L’Italia multiligue

lingue-italiane1 (1)La nostra Costituzione, con l’articolo 6, sancisce la tutela «con apposite leggi» delle minoranze linguistiche, dopo aver affermato generalmente all’art. 3 (comma 2) l’uguaglianza «sostanziale» e il «compito» della Repubblica di «rimuovere gli ostacoli» che impediscano la piena realizzazione dell’eguaglianza formale di tutti «senza distinzione […] di lingua».

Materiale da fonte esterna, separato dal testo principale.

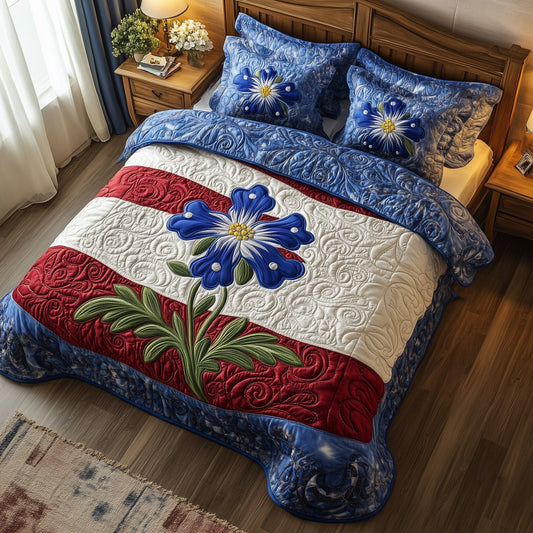 Lone Star Blossoms 3-Piece Quilted Bedding Set GFTOTL3659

Con “minoranze linguistiche” si indicano quei gruppi parlanti una lingua materna diversa da quella della maggioranza: dunque anche quanti parlano un dialetto o una lingua di recente importazione dovrebbero rientrare in questa categoria. Diversamente dagli altri paesi occidentali, però, in Italia tale concetto ha assunto un’accezione più ristretta, sovrapponendosi a quello di alloglossia, che identifica varietà minoritarie aventi un’origine nettamente distinta rispetto alla lingua ufficiale e al sistema dei dialetti italiani. Inoltre, alla confusione tra questi concetti si aggiunge spesso il ricorso ai parametri di “storicità” (presenza antica della minoranza all’interno dei confini) e “territorialità” (radicamento della minoranza stessa su una porzione di territorio).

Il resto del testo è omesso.